THE MORTAL STORM (100 mins., 1940) led to the ban of all MGM films in Germany in the years before America entered WWII and for good reason: this Frank Borzage-directed look at how a German family is broken by Nazism proved to be a rallying cry against the The Third Reich, with Margaret Sullavan and Jimmy Stewart playing a couple impacted by the regime’s rise. The classic MGM cartoon “Peace on Earth” and short “Meet the Fleet” are also included here with Warner’s 1080p (4:3) B&W transfer looking crisp and healthy.
Also new from Warner Archive is the MGM biopic TENNESSEE JOHNSON (103 mins., 1942), a glossy production presenting Van Heflin as Andrew Johnson and Ruth Hussey as his wife. Lionel Barrymore and Marjorie Main lead the supporting cast in a William Dieterle-helmed picture that takes some liberties with history but still comes off as an engaging view for its genre. Warner Archive’s remastered BD also includes a 1943 Screen Guild radio broadcast with Ruth Hussey and Gary Cooper, a classic Tom & Jerry cartoon (“Baby Puss”), the MGM short “Heavenly Music” and the trailer.

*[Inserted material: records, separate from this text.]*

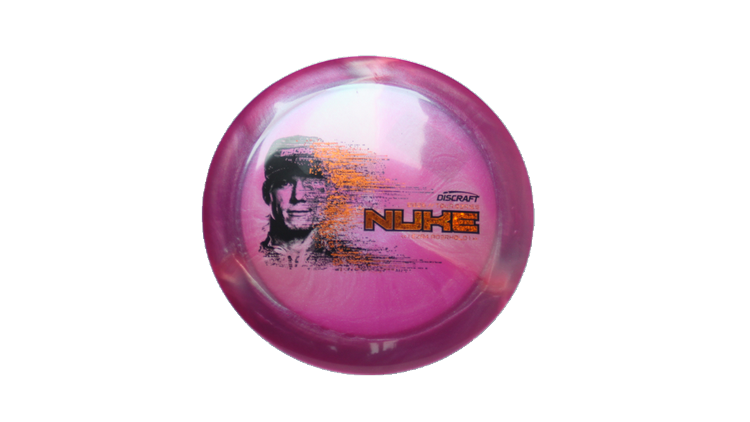 Discraft 2026 Ezra Aderhold Tour Series TItanium Nuke Distance Driver Front View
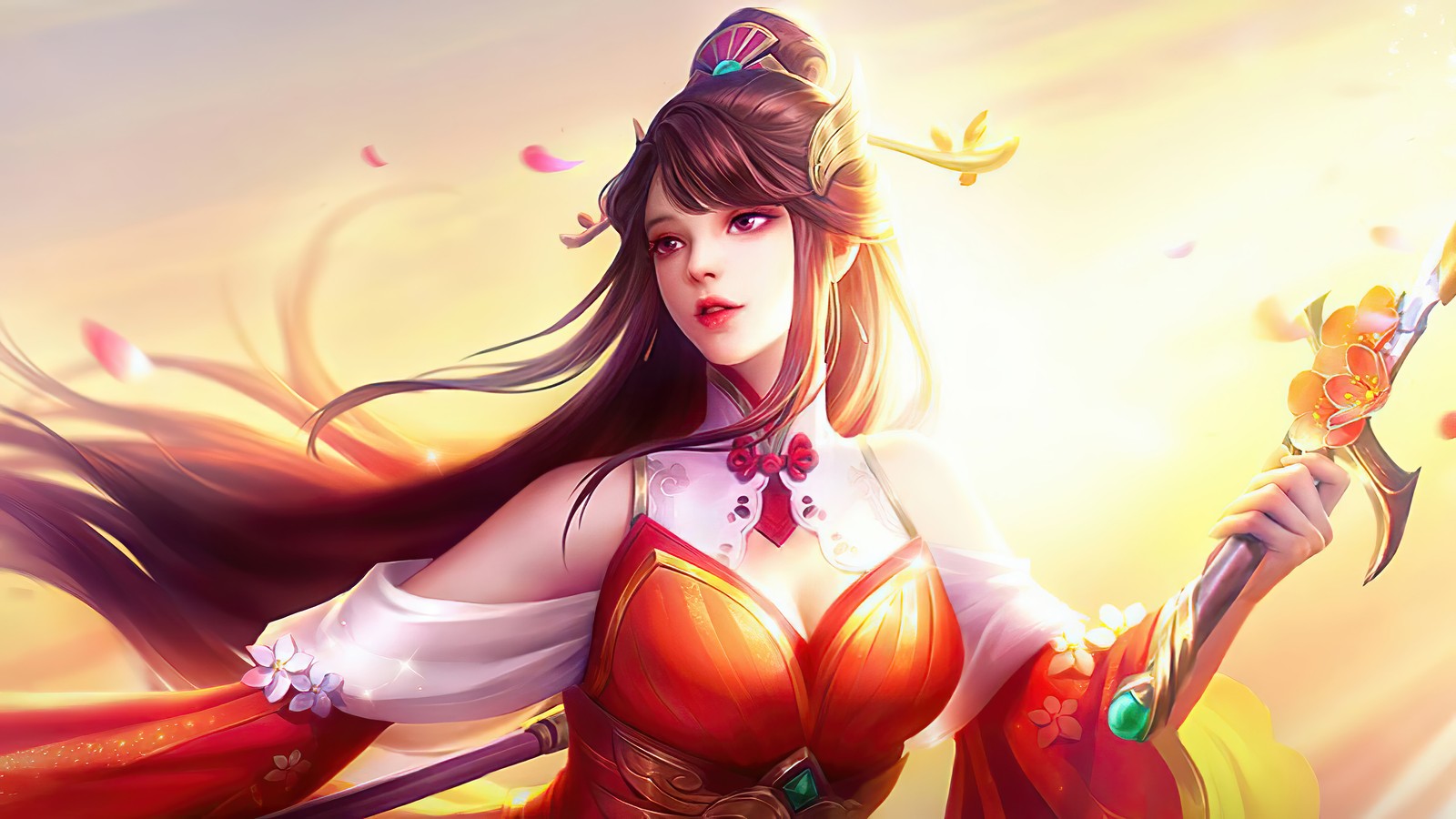 Скачать обои одета, auspicious charm, кожа, mobile legends, bang bang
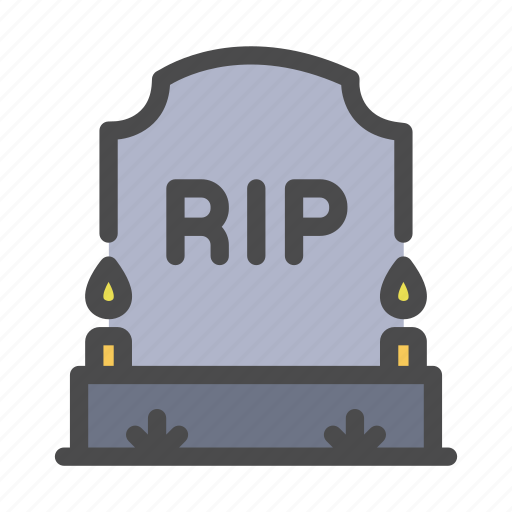 Rip, cemetery, death, gravestone, grave, tombstone icon - Download on Iconfinder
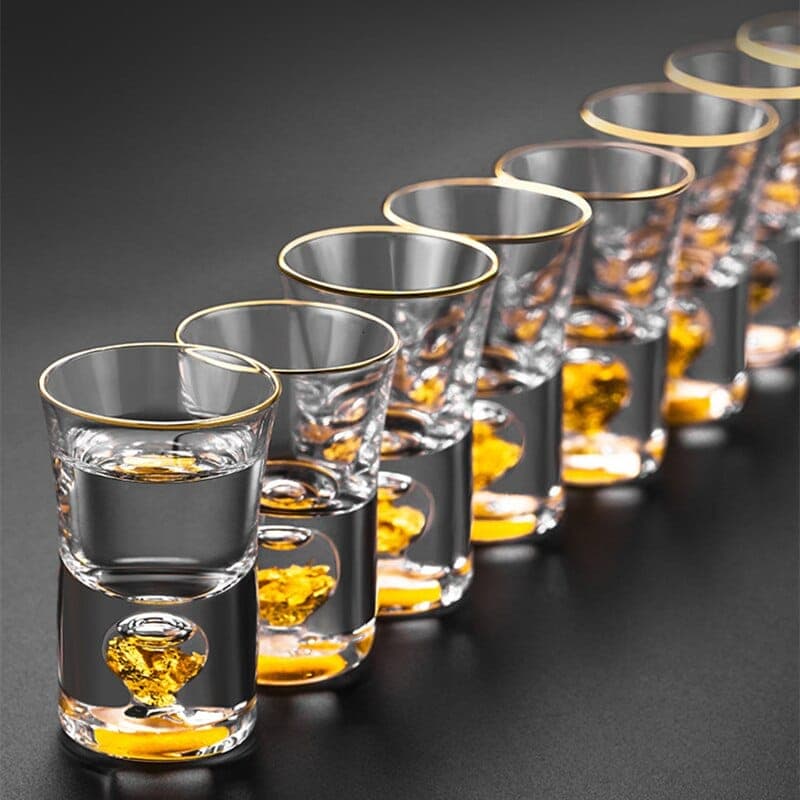 Verre à Shot Or (2 Pièces)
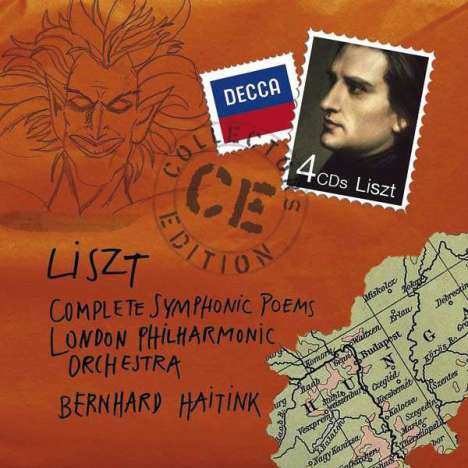 Franz Liszt (1811-1886): Die Symphonischen Dichtungen, 4 CDs
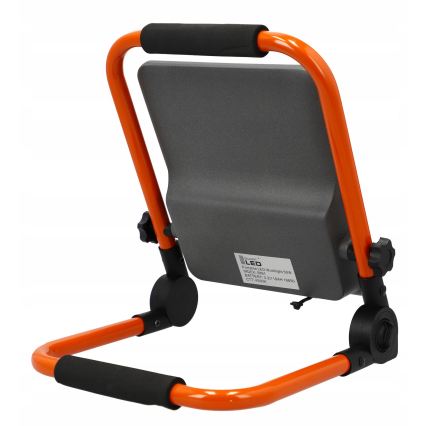 Επαναφορτιζόμενος προβολέας LED με βάση LED/50W/3,2V 4500K 5000 mAh IP65 πορτοκαλί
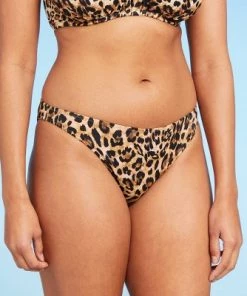 Discount ✔️ Women's High Leg Extra Cheeky Bikini Bottom - Shade & Shore™ Brown Animal Print ✔️ -Swimsuits Official Site unnamed file 1936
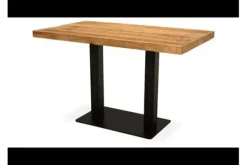 Hot Label51 Eettafel Straight Edge Bruin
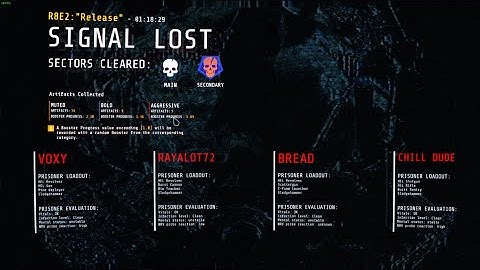 GTFO R8E2 "Release" Secondary Blind Clear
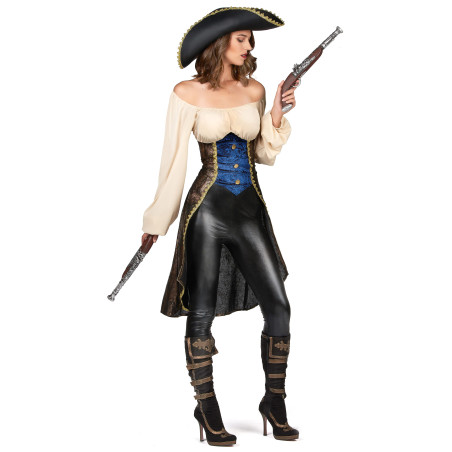 Déguisement pirate marron femme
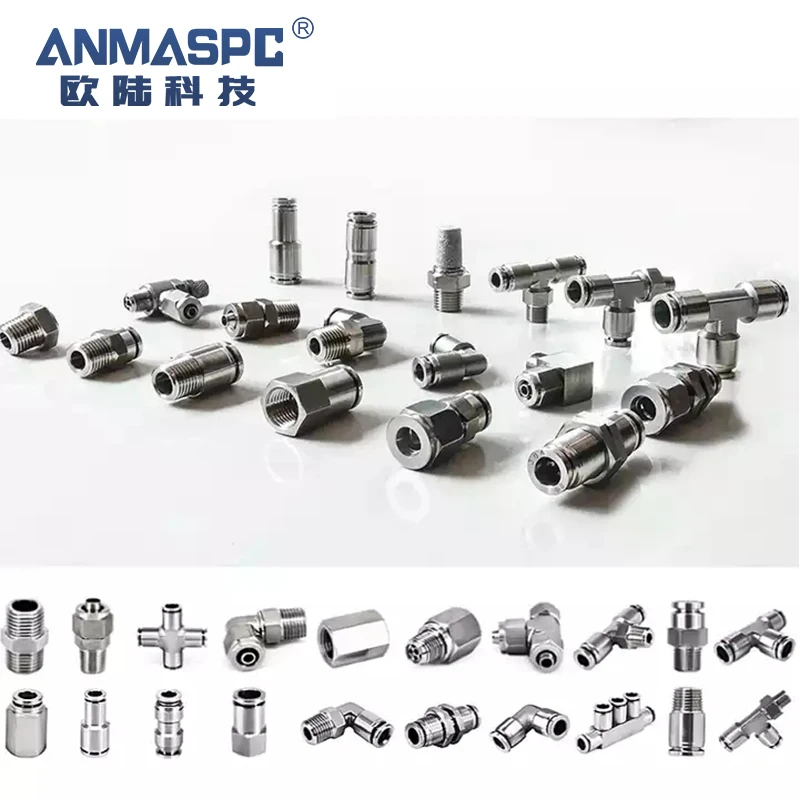 Factory Direct Sale L Type Metal Stainless Steel Hexagan Adapter With Thread Pneumatic Coupling Fitting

New from Film Movement this month is a Blu-Ray of MR. TOPAZE (97 mins., 1961), a “long lost” Peter Sellers comedy starring Sellers as a French schoolmaster who tries to hold to his laurels after he refuses to change the failing grade of one of his students. Nadia Gray plays an actress who convinces her lover – a city council member played by Herbert Lom – to hire him in an effort to exploit his honesty in this adaptation of a Marcel Pagnol play, written and produced by Pierre Rouve. Sellers directed and stars opposite his future “Pink Panther” cast mate Lom in this film co-starring Leo McKern, Billie Whitelaw and Michael Gough – a great cast that only fares moderately well with this low-simmering material. Film Movement’s Blu-Ray brings the BFI 2K digital restoration of the film to the U.S. and adds a 24-page booklet, a 1951 Sellers/Spike Milligan short “Let’s Go Crazy,” plus a Kat Ellinger video essay on Pagnol and a 2019 interview with McKern’s daughter Abigail. Not a classic, but worth seeing for Sellers fans just the same.
THE CROWN Complete Third Season Blu-Ray (547 mins., 2019; Sony): Season three of the acclaimed, award-winning series traces the life of Queen Elizabeth II (Olivia Colman) from her 1947 wedding through 1977, covering a lot of major dramatic ground (Winston Churchill’s funeral, Apollo 11 moon landing, Prince Charles’ positioning as the Prince of Wales) in the process. Superb performances from Colman and Tobias Menzies help lead the new cast in this latest incarnation of “The Crown,” presented here in a terrific Sony box-set. The Blu-Ray includes 1080p (2:1) transfers, 5.1 DTS MA sound, a photo gallery and three featurettes, all of which provide insight into the series’ production.
MISBEHAVIOUR Blu-Ray (106 mins., 2019, Not Rated; Shout! Factory): The true story behind the disruption of the 1970 Miss World pageant on behalf of the Women’s Liberation Movement – as well as the first crowning of the pageant’s first contestant of color – forms of the basis of Philipa Lowthrope’s film. This Pathe/BBC production stars Keira Knightley, Gugu Mbatha-Raw and Greg Kinnear and debuts this month on Blu-Ray from Shout (2.39, 5.1 DTS MA/2.0 DTS MA) with cast interviews, featurettes and the trailer on the supplemental side.
BLACKBIRD Blu-Ray (98 mins., 2019, R; Screen Media): “Cruel Intentions” director Roger Michell helmed this character drama about a couple (Susan Sarandon, Sam Neill) who gather their family together after Sarandon’s matriarch decides to tell them she’s ending her battle against ALS. Sensitive performances inform “Blackbird,” which debuts on Blu-Ray from Screen Media featuring a 1080p (2.40) transfer and 5.1/2.0 soundtracks.
HOSTS DVD (89 mins., 2020, Not Rated; Dark Sky/MPI): An older couple invites a young couple over for Christmas Eve dinner – only to find out they’re invaders from another galaxy, using them as a springboard for extraterrestrial invasion. This low-key horror outing from directors Adam Leader and Richard Oakes is new on DVD (2.39) with 5.1/2.0 audio, behind-the-scenes material, interviews and the trailer.